La ceciata, una tradizione dal sapore autentico
A Sassari viene servita spesso in accoppiata con la sorella più “famosa”
Gemella forse meno rinomata della favata, ma capace di trovare tantissimi estimatori, soprattutto tra coloro che sono affetti da favismo. La ceciata rappresenta una validissima variante al piatto tipico del carnevale, tanto che spesso viene proposta in abbinata proprio con la favata. Importante: la ceciata di cui si parla non ha nulla a che vedere con la farinata di ceci popolarissima in Liguria e nel Sassarese, ovvero la fainé. A raccontarne i segreti è Rino Berdini, ristoratore sassarese che con il suo Terzo Tempo è da oltre un decennio un’istituzione in piazza Tola, non soltanto con le pizze.
«Proprio come per la favata – spiega – bisogna partire da un pentolone molto capiente. I ceci vanno tenuti a bagno per almeno 24 ore, ma se si arriva a lasciarli in ammollo anche per 36 ore è anche meglio. A quel punto si mettono a bollire nel pentolone, avendo cura di eliminare con un grande mestolo tutto ciò che viene a galla dalla bollitura: schiuma, residui e quant’altro». È qui che entra in ballo la carne. «Io, come tanti altri, utilizzo anche la cosiddetta carne salata, cioè i veri e propri scarti, come la testa, le zampe e il muso del maiale. Che non saranno elementi prelibati ma che contribuiscono a conferire un sapore unico al piatto. Quindi bisogna iniziare a mettere questi pezzi nel pentolone, continuando a pulire la superficie. E via via si inseriscono gli altri pezzi di carne». Ogni tipo di carne, ogni singolo pezzo, ha il suo tempo di cottura. E qui, esattamente come per la favata, l’occhio e l’esperienza dello chef fanno tutta la differenza del mondo.

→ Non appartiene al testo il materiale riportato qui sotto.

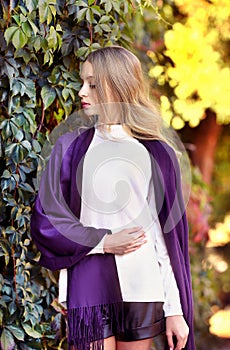 Attractive girl, blond hair in a lilac cape sitting in a botanical garden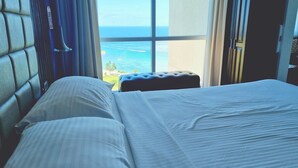 Une chambre d’hôtel avec un lit, une vue sur la mer et un balcon.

«Certo, perché la polpa, le salamelle e tutto il resto hanno bisogno di un trattamento leggermente differente. Io a quel punto inizio a inserire il finocchietto selvatico, un cipollotto, il pomodoro secco e il peperoncino. In questo caso non troppo, io sono della “scuola” che non cucina troppo piccante. La bollitura dura complessivamente tra le 3 e le 4 ore, non bisogna avere fretta: il pentolone va ma bisogna intervenire continuamente. Fondamentale anche quella che a Sassari chiamiamo “la ciaggadura”, ovvero la fase in cui tutta la “sbobba” si riprende e si coaugla».
E il cavolo? «È l’ultimissimo passaggio. Il cavolfiore viene inserito poco prima di andare in tavola, senza anticipare troppo i tempi perché altrimenti c’è il rischio che faccia inacidire il resto. Gli basta un passaggio di 15-20 minuti in pentola per essere cucinato a puntino».
In realtà c’è un passaggio intermedio, che anche Rino Berdini adotta, come altri. «A me è stato insegnato che si ottiene un risultato migliore utilizzando anche un’altra pentola, dentro la quale mettere a bollire il cavolfiore, per poi travasare un po’ per volta la ceciata dal pentolone principale, aggiungendo via via tutto il contenuto. Un segreto? Ognuno ha il suo tocco magico e il suo segreto – conclude il cuoco sassarese –. Io dico sempre che la cosa più importante è avere la fortuna di trovare ceci buoni. Tutto il resto arriva dopo».